Both agencies have agreed to work towards a Mutual Recognition Arrangement (MRA), which is a formal arrangement between customs agencies that recognises each other’s supply chain security programmes. Members of these programmes enjoy a commercial advantage, with fewer border checks and speed to market for export products.
Photo: Australian Border Force Commissioner Roman Quaedvlieg and the New Zealand Customs Service Comptroller Carolyn Tremain sign the Statement of Intent in Canberra.
An MRA will allow traders from both countries that meet the required standards to access the trade facilitation benefits of both programmes. This also provides border agencies greater end-to-end assurance over the imports and exports.
Australian Comptroller-General of Customs Roman Quaedvlieg says Australia’s first MRA is an important step in delivering a mutually beneficial outcome that increases both Australia’s and New Zealand’s contributions to international supply chain security and trade facilitation.

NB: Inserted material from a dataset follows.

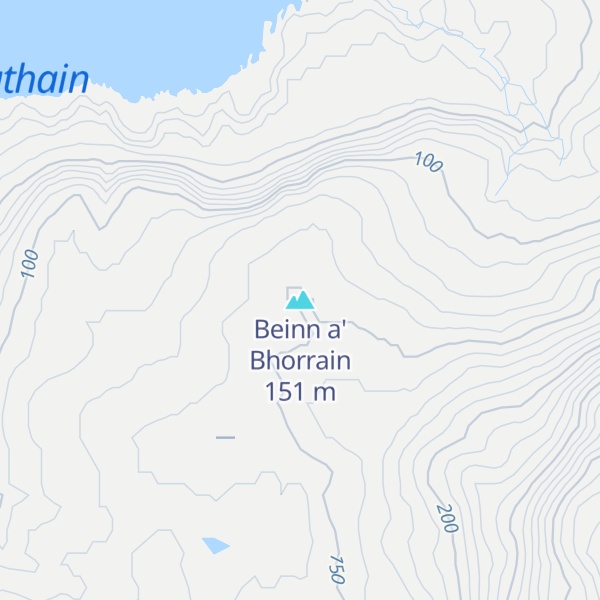 Map of Beinn a' Bhorrain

“The Australian Trusted Trader programme is progressing well through its pilot phase. The MRA with New Zealand Customs will increase the success of the fully operational programme from July 2016.
“We look forward to continuing to work with New Zealand Customs to facilitate trade between our countries”.

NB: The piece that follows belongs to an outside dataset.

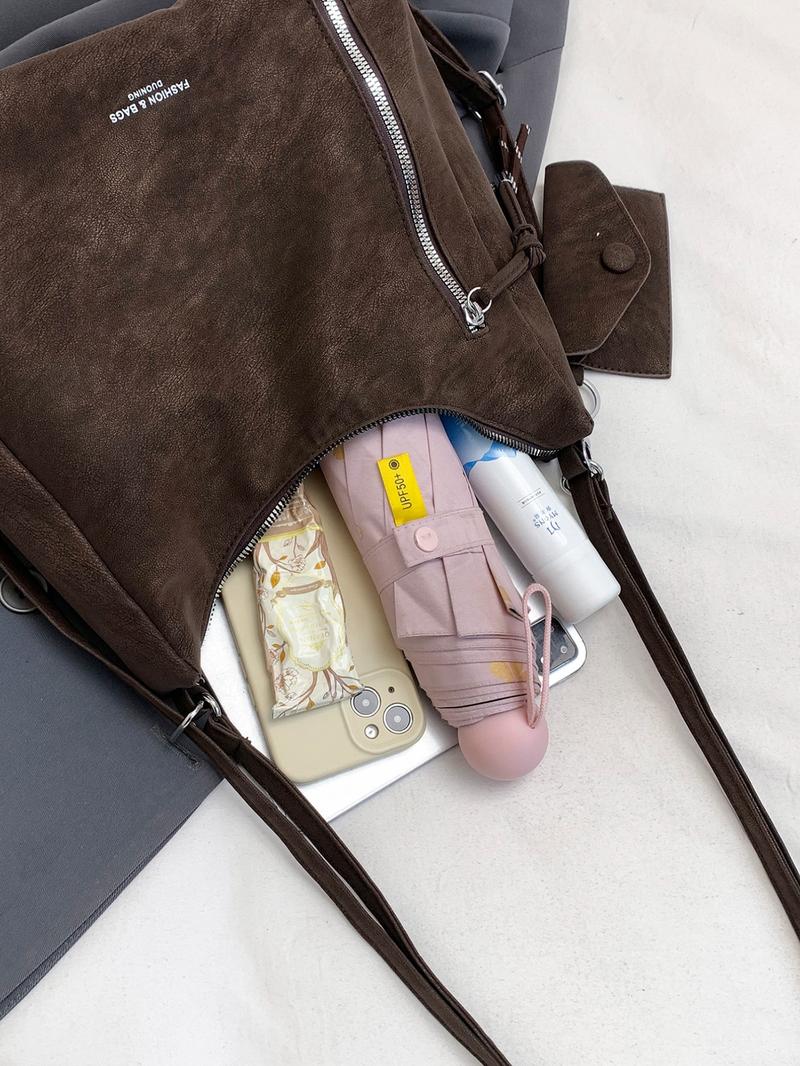 Women's Fashion Simple Shoulder Crossbody Bag, Durable Practical Daily Essential, Perfect Choice for Travel and Everyday Use, Vintage Style Women's Fashion Simple Shoulder Crossbody Bag, Durable Practical Daily Essential, Perfect Choice for Travel and Everyday Use, Vintage Style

NZ Customs Comptroller Carolyn Tremain says both agencies already share a close partnership, and the MRA will underpin the trusted trader programmes in the two countries.
“We’ve been working with Australia as they develop a trusted-trader programme, and there should be a close alignment between their programme and our own Secure Export Scheme.
“Joint work will start soon on an MRA. Recognition will benefit trusted trans-Tasman traders by reducing clearance times and making customs processes easier,” Ms Tremain says.
Ms Tremain says work on the MRA is expected to conclude by June next year, and it will come into effect shortly after. To conclude an MRA, New Zealand and Australia will need to undertake a comparison of each other’s programme.
Photo: Members of the NZ Customs and Australian Border Force executive leadership teams.
Trade in goods between the two countries totals approximately $18 billion per annum. Australia is usually one of New Zealand’s top two trading partners, and New Zealand is currently Australia’s ninth largest trading partner.